Extracted material:
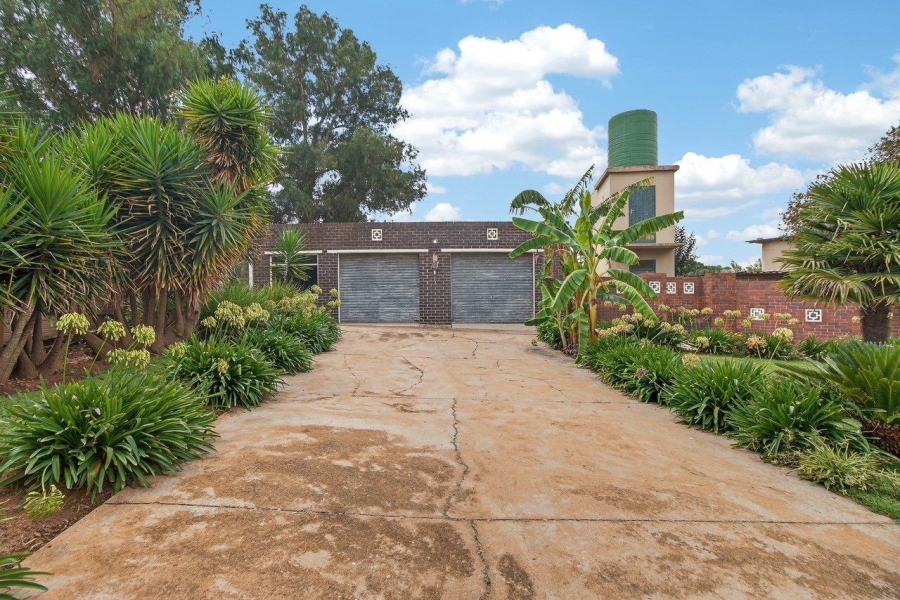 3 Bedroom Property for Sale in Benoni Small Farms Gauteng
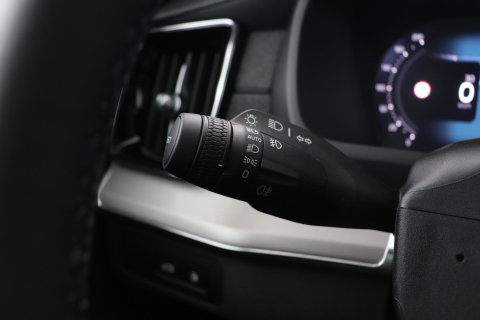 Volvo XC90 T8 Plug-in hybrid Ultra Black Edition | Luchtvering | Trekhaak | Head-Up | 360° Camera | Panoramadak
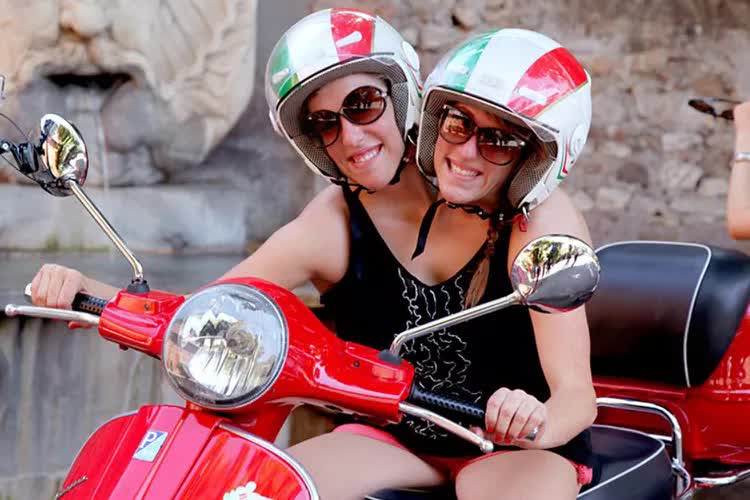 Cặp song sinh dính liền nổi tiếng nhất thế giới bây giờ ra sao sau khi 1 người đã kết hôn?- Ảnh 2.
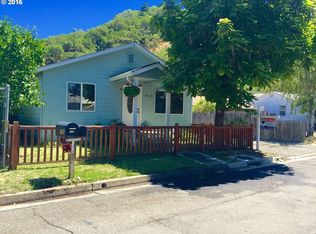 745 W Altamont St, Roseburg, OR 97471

* * *

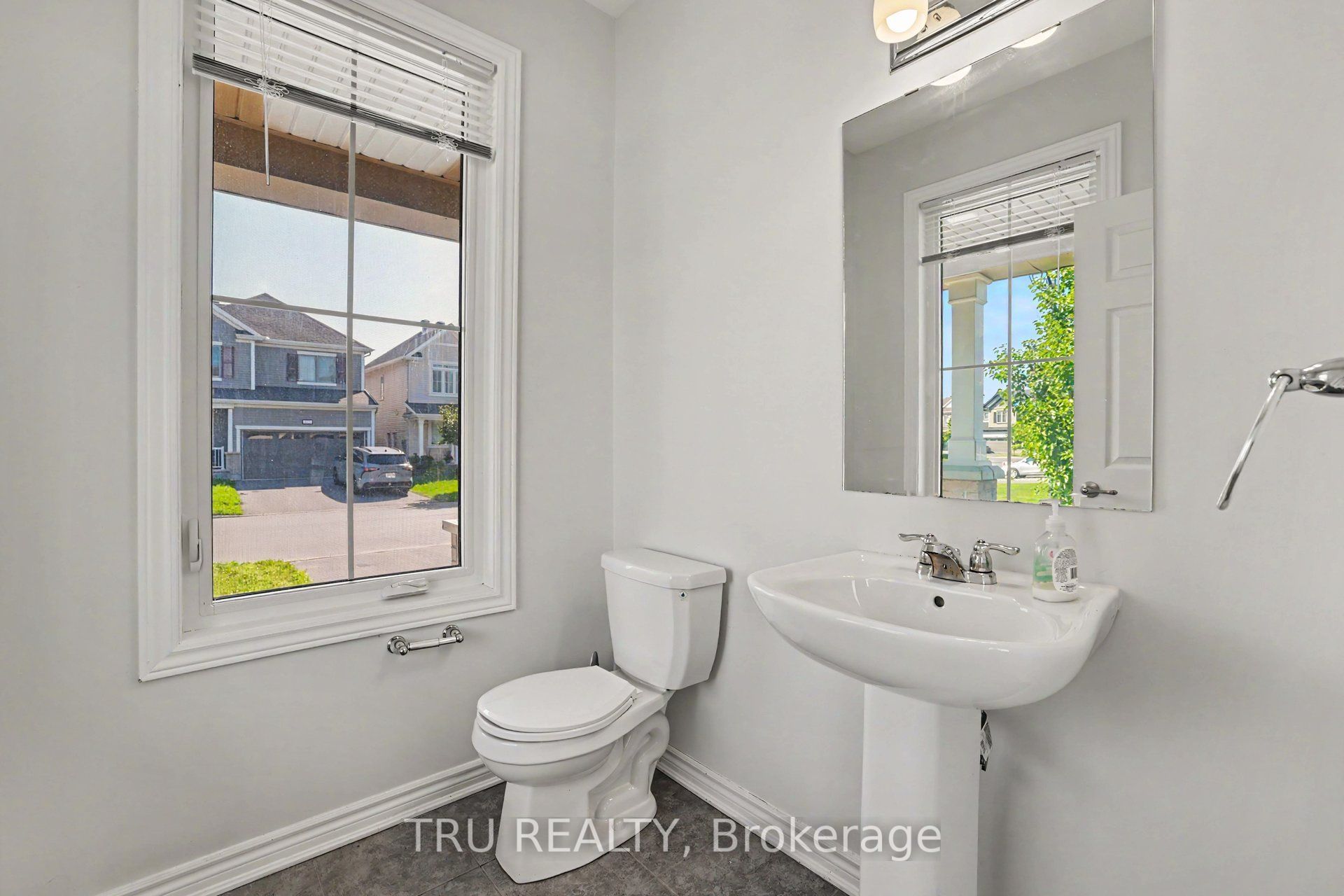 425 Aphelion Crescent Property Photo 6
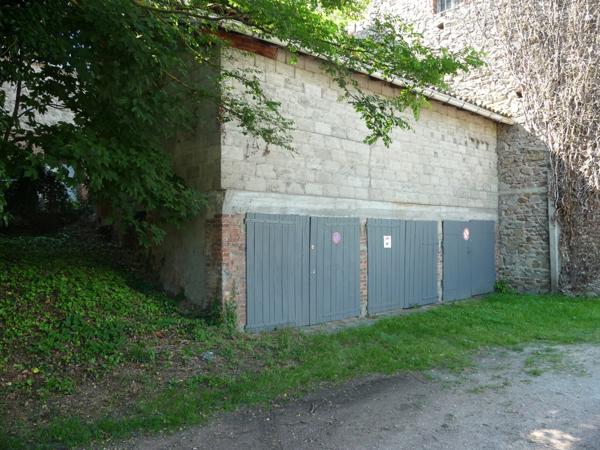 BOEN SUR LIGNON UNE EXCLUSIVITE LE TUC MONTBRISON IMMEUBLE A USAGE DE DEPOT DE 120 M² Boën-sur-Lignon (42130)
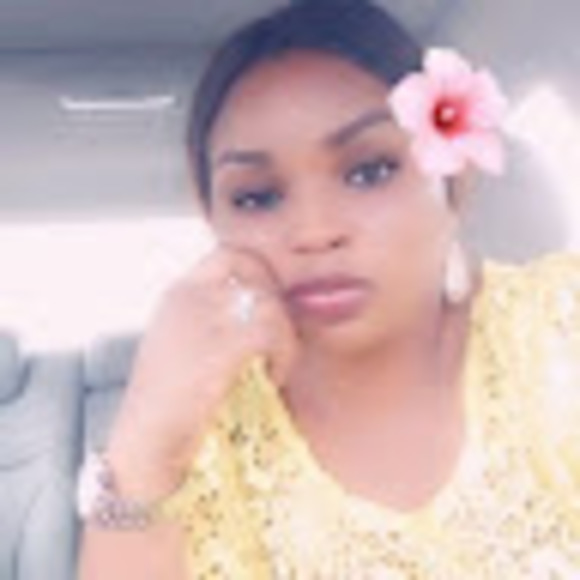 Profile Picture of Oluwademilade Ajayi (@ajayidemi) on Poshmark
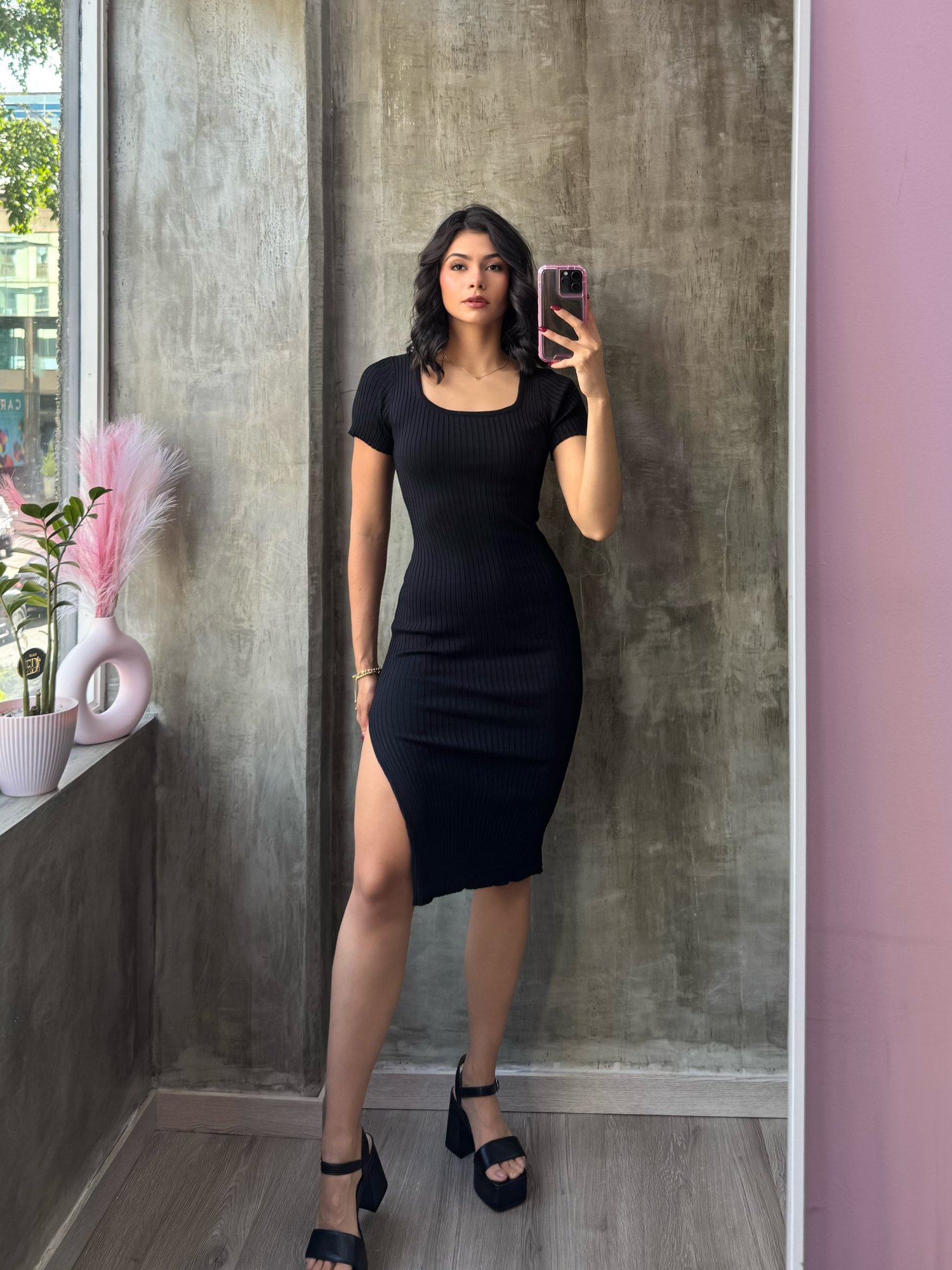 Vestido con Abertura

--

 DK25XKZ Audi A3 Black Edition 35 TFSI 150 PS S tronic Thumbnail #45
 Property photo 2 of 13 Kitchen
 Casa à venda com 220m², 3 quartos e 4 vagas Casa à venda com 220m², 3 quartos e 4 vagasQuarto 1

Your task:
Because only one stretch of the records is wanted, please output the lines from the one holding "3 Bedroom Property" through the one holding "745 W Altamont St, Roseburg, OR 97471" exactly, both included, and leave every picture out.

Response to the exercise:
 3 Bedroom Property for Sale in Benoni Small Farms Gauteng
 Volvo XC90 T8 Plug-in hybrid Ultra Black Edition | Luchtvering | Trekhaak | Head-Up | 360° Camera | Panoramadak
 Cặp song sinh dính liền nổi tiếng nhất thế giới bây giờ ra sao sau khi 1 người đã kết hôn?- Ảnh 2.
 745 W Altamont St, Roseburg, OR 97471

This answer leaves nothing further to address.